European Focus #50: Wie ist die Energie-Lage in Europa?

Ungarn spielt Russisches Energie-Roulette +++ Zahl der Woche: 10 +++ Warten auf den Angriff +++ „Eisbär“ zerstört mehrere Unterwasserkabel +++ „Frankreichs AKW-System ist wieder ein Aktivposten für die Energieversorgung“

Hallo aus Berlin,

die Konflikte um uns herum eskalieren mit unglaublicher Geschwindigkeit. Nachdem wir in Europa schon seit gut eineinhalb Jahren mit dem Krieg in der Ukraine leben, sehen wir seitKurzem einen antisemitischen Flächenbrand in vielen Ländern und den Ausbruch eines weiteren Kriegs zwischen der Terrororganisation Hamas und Israel, unter dem Tausende Zivilisten leiden.
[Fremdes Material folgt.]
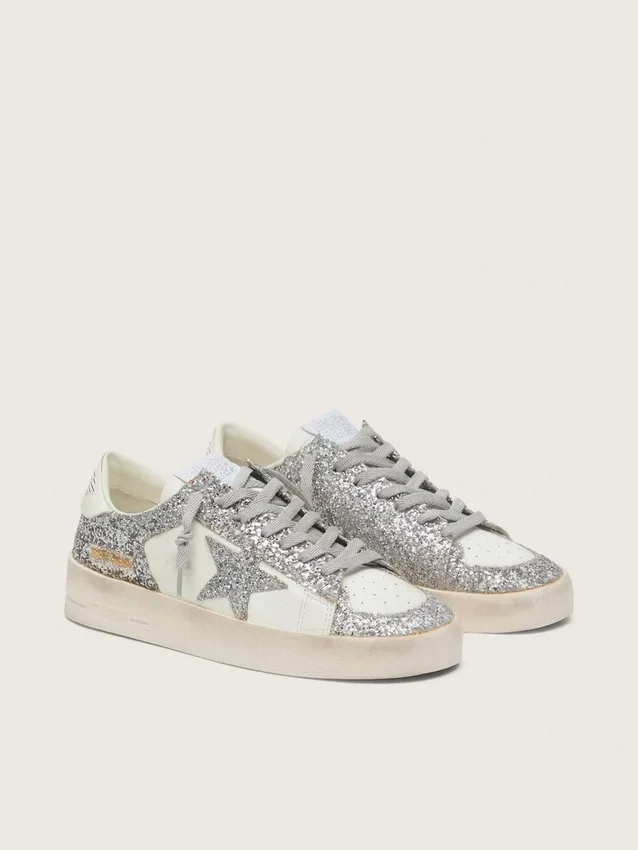 Stardan för damer i vitt läder och glitter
Für die Menschen im Gazastreifen bedeuten die Kämpfe auch Energieknappheit – was besonders mit Blick auf den Weiterbetrieb der Krankenhäuser verheerend ist.

Vor einem Jahr haben wir viel über Energie und das Heizen gesprochen. Viele fragten sich, wie wir angesichts unserer Abhängigkeit von russischem Gas durch den Winter kommen würden. Letztendlich kam es weniger schlimm als gedacht, sei es aufgrund des milden Winters oder auch, weil viele Menschen sparsam beim Energieverbrauch waren.
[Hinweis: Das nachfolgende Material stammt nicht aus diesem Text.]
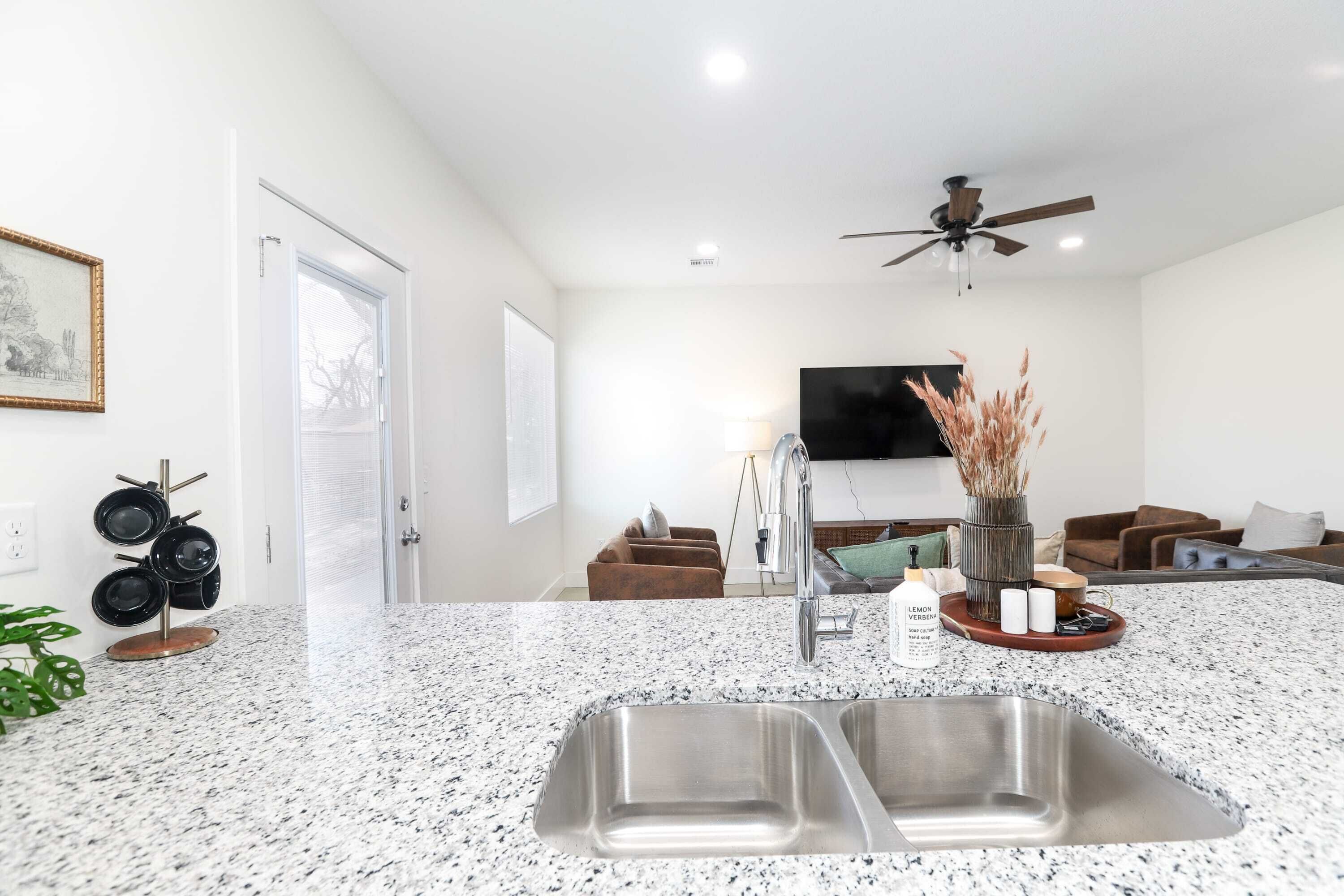 A modern kitchen with a granite countertop, stainless steel sink, and a ceiling fan.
Erstaunlicherweise spricht vor dem nun anstehenden Winter kaum jemand mehr über das Energiesparen, zumindest nicht in Deutschland und sicherlich nicht mit Blick auf die Sicherheitslage. Aktuell beherrschen vielmehr die beiden Konflikte selbst die Schlagzeilen. In Deutschland tauchte das Thema Energiesparen zuletzt eher im Zusammenhang mit dem Gebäudeenergiegesetz auf, und dann mit dem Verdacht, dass die böse grüne Verbotspartei den Hausbesitzern hier wieder ein paar Zwänge auferlegen will.

Wir stellen in diesem Newsletter daher die Frage: Hat sich die Energiesituation tatsächlich verändert? Können wir uns aus versorgungstechnischer Perspektive in diesem Winter entspannt zurücklehnen?

Teresa Roelcke, dieswöchige Chefredakteurin

Ungarn spielt Russisches Energie-Roulette

Während sich die meisten EU-Länder mit „Siegesmeldungen“ über die (angebliche) Abkehr von der Energieabhängigkeit von Russland brüsten, äußern sich ungarische Politiker mit Worten, die Wladimir Putin deutlich besser gefallen dürften. Zuletzt kamen diese vom Chefdiplomaten des Landes, Außenminister Péter Szijjártó, der international vor allem für seine freundschaftlichen Besuche bei asiatischen Diktaturen bekannt ist.

In seiner Rede zur Eröffnung der Eurasischen Sicherheitskonferenz in Minsk sagte Szijjártó: „Wir sehen Energiesicherheit realistisch, nicht als eine politische Frage.“ Er fügte hinzu, Ungarn werde weiterhin eine pragmatische Zusammenarbeit mit Russland pflegen.

Konkret heißt das: Unabhängigkeit von russischen Energielieferungen ist für Budapest nach wie vor kein Thema. Dabei wird im Bericht der Europäischen Kommission zur Lage der Energieunion betont, dass eine derart hohe Abhängigkeit tatsächlich eine Gefahr für die Versorgungssicherheit Ungarns darstellt.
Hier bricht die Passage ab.